-
Want that - !
Only boy elves make those, Lee-Lee my love-love. For boys. The nice girl elves make nice dolls -
I don't want a DOLL! I don't want a BARBIE! I . . . want . . . THAT!
If you're going to throw a tantrum, I'll have to take you home, Leigh. I mean it, now.
So she had submitted, and Christmas had brought her not only Malibu Barbie but also Malibu Ken, and she had enjoyed them (she supposed), but still she remembered the red Remco racing car on its green surface of painted hills, running without a cord along a painted road so perfect that there were even tiny metal guardrails - a road whose essential illusion was given away only by its pointless circularity. Ali, but it ran fast, that car, and was it bright red magic in her eye and her mind? It was. And the car's essential illusion was also magic. That illusion was somehow so captivating that it stole her heart. The illusion, of course, was that the car was driving itself. She knew that a store employee was really controlling it from a booth to the right, pushing buttons on a square wireless device. Her mother told her that was how it was happening, and so it must be so, but her eyes denied it,
Her heart denied it.
She stood fascinated, her small gloved hands on the rail of the display area, watching it race around and around, moving fast, driving itself, until her mother pulled her gently away.
And over everything, seeming to cause the very tinsel strung along the ceiling to vibrate, the ominous laughter of the department-store Santa.
Leigh slept more deeply, dreams and memories slowly fading, and outside daylight came creeping in like cold milk, illuminating a street that was Sunday-morning empty and Sunday-morning silent. The season's first fall of snow was unmarred except for the tyre tracks that swerved to the kerb in front of the Cabot house and then moved smoothly away again, toward the intersection at the end of this suburban block.
She didn't rise until nearly ten o'clock (her mother, who didn't believe in slugabeds, finally called for her to come down and have breakfast before lunch), and by then the day had already warmed up to nearly sixty degrees - in western Pennsylvania, early November is apt to be every bit as capricious as early April. So by ten o'clock the snow had melted. And the tracks were gone.
PART II: ARNIE - TEENAGE LOVE-SONGS Chapter 25 BUDDY VISTS THE AIRPORT
We shut 'em up and then we shut 'em down.
- Bruce Springsteen
One night some ten days later, as cardboard turkeys and construction-paper cornucopias were beginning to appear in grammar school windows, a blue Camaro, so radically jacked in the back that its nose seemed almost to scrape the road, slid into the long-term parking lane at the airport.
Sandy Galton looked out from his glass booth nervously. From the driver's side of the Ford the happy smiling face of Buddy Repperton tilted up toward him. Buddy's face was scrubbed with a week-old beard and his eyes held a maniacal glitter that was more cocaine than Thanksgiving cheer - he and the boys had scored a pretty good gram that evening. All in all, Buddy looked quite a bit like a depraved Clint Eastwood.

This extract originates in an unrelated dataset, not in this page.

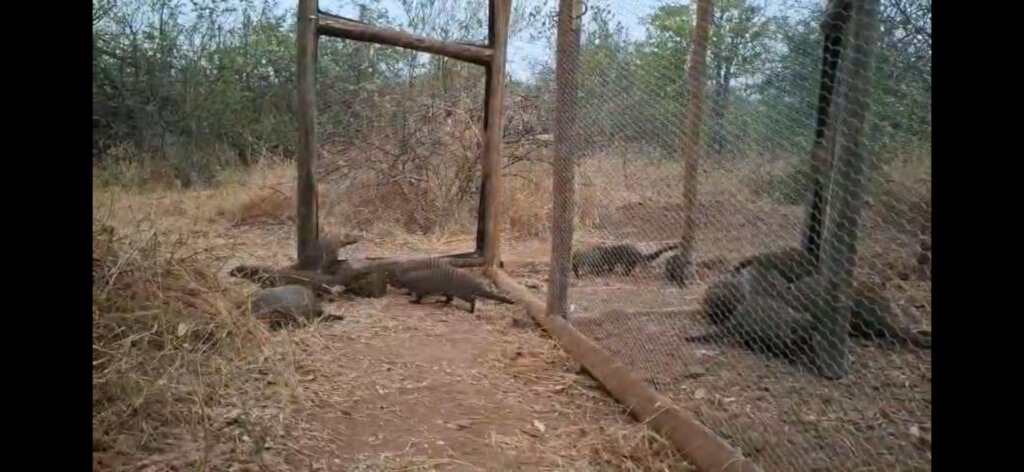 Mongoose being released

'How are they hanging, Sandy?' Buddy asked.
Dutiful laughter from the Camaro greeted this sally. Don Vandenberg, Moochie Welch, and Richie Trelawney were with Buddy, and between the gram of coke and the six bottles of Texas Driver Buddy had procured for the occasion, they were feeling pretty much reet and compleet. They had come to do a little dirty boogie on Arnie Cunningham's Plymouth.
'Listen, if you guys get caught, I'm gonna lose my job,' Sandy said nervously. He was the only one cold sober, and be was regretting ever having mentioned that Cunningham was parking his heap here. The thought that he might go to jail as well had fortunately not occurred to him.
'If you or any of your Mission Imfuckingpossible force are caught, the Secretary will disavow you ever fuckin lived,' Moochie said from the back seat, and there was more laughter.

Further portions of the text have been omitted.